▶ EXERCISE DIRECTIONS
Wherever "Georgette" appears in a line of the listing, report that line.

━━━━━ DATA PROVIDED

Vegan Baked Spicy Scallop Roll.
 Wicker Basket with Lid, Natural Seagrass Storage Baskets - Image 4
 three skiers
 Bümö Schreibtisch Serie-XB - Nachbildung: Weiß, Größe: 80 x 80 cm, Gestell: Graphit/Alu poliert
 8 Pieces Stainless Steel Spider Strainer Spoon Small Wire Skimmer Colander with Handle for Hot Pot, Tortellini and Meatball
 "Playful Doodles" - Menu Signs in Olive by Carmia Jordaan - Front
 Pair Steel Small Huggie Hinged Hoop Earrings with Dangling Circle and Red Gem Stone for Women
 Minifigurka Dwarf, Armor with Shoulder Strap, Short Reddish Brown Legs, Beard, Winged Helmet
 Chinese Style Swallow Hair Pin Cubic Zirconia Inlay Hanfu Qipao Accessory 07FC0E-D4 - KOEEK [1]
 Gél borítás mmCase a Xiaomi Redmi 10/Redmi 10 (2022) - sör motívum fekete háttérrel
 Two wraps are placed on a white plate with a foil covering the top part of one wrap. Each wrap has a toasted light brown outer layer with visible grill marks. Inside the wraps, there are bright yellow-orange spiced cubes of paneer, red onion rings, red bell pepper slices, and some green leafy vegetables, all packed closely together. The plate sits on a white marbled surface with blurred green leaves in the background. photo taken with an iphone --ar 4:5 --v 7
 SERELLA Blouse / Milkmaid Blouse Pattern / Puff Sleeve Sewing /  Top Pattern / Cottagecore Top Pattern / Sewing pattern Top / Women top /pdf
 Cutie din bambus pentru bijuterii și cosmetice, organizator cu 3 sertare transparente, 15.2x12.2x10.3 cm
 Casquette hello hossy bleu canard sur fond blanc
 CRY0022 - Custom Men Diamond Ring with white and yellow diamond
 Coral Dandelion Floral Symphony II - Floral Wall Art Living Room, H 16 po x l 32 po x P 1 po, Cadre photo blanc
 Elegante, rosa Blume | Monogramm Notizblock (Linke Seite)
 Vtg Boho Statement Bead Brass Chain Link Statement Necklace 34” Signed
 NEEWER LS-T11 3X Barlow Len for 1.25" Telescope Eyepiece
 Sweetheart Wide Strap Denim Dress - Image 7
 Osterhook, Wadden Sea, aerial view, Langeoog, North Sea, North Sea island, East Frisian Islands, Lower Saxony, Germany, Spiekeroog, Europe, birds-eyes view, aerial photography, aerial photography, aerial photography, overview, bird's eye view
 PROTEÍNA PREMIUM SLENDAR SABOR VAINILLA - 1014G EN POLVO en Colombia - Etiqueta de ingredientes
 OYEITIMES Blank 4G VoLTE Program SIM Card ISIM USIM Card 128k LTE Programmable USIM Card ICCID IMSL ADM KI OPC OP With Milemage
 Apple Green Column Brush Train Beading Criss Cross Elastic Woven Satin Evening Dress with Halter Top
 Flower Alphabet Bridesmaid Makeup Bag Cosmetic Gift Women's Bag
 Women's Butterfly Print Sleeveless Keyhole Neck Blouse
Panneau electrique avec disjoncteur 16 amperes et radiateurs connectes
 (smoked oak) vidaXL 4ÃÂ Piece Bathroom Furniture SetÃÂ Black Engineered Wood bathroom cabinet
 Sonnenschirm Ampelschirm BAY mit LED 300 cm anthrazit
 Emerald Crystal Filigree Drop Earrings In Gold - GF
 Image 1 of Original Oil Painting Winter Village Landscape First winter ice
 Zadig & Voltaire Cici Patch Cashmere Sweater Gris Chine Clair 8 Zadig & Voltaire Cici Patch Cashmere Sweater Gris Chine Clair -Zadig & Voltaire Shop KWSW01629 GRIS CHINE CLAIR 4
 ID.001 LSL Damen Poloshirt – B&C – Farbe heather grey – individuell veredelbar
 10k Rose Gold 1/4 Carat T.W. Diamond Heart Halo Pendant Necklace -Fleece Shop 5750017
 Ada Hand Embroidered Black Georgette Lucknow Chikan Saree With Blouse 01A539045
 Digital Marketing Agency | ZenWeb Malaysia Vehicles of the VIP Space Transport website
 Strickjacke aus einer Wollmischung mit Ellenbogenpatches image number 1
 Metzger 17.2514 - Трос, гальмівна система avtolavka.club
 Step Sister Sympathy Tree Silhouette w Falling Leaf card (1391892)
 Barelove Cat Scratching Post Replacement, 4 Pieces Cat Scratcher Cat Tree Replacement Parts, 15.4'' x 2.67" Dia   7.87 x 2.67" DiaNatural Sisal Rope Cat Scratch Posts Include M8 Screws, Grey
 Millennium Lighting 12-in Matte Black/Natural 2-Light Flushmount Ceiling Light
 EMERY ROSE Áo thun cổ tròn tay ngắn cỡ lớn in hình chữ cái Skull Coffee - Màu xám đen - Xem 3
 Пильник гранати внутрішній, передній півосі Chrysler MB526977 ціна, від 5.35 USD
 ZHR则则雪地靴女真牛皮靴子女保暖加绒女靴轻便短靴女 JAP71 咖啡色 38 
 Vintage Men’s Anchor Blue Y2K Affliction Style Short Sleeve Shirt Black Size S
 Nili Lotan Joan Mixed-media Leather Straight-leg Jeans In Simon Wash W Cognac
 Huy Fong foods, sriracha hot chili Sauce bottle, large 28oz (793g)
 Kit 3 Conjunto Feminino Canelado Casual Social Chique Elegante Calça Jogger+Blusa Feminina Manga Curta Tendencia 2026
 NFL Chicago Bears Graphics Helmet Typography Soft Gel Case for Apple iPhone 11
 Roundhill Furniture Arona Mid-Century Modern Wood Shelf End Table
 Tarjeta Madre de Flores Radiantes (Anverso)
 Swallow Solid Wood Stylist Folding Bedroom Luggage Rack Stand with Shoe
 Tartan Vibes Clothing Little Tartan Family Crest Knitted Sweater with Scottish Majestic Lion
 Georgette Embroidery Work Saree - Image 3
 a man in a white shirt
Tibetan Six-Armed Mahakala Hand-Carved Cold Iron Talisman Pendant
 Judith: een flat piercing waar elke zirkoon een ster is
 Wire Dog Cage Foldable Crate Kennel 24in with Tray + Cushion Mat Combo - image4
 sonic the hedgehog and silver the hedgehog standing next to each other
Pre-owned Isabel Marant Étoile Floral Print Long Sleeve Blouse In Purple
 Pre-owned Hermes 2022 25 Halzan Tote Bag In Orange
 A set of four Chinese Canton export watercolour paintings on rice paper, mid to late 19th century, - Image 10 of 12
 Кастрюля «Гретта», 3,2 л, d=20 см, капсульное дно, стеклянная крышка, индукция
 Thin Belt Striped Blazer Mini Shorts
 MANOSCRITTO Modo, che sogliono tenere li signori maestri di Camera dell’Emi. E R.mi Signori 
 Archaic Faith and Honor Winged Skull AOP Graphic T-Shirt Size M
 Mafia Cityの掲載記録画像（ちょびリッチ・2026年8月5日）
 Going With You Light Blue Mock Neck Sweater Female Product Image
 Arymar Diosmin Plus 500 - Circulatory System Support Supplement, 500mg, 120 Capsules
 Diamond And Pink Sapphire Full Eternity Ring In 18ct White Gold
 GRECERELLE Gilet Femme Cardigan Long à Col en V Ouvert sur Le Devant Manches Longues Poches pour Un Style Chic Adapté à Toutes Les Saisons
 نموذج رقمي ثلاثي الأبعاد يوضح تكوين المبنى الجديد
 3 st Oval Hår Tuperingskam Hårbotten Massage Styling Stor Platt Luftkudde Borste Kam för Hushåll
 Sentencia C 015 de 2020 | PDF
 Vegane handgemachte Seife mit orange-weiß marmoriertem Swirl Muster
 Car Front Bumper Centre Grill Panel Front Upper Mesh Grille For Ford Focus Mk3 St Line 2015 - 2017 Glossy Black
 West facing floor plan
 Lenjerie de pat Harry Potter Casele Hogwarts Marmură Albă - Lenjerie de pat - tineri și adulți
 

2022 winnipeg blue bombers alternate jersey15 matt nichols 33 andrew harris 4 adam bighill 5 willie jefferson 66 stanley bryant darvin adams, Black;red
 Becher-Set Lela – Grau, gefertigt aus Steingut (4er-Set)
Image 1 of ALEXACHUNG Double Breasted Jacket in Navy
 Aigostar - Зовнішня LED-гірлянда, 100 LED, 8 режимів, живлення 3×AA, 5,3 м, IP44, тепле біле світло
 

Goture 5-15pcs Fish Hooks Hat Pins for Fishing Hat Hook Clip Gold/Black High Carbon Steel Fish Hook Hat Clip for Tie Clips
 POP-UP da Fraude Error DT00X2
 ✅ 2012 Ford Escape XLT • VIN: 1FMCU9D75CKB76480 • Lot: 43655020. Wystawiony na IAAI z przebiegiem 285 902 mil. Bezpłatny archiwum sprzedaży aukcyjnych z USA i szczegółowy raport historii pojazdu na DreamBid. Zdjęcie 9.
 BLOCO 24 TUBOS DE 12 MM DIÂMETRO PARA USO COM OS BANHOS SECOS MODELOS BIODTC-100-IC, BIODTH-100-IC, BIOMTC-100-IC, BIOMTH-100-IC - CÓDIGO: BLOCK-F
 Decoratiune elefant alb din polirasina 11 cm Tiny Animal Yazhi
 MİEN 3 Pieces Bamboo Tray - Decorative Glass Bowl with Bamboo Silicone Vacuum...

━━━━━━━━━━

▶ RESPONSE BOX
 Ada Hand Embroidered Black Georgette Lucknow Chikan Saree With Blouse 01A539045
 Georgette Embroidery Work Saree - Image 3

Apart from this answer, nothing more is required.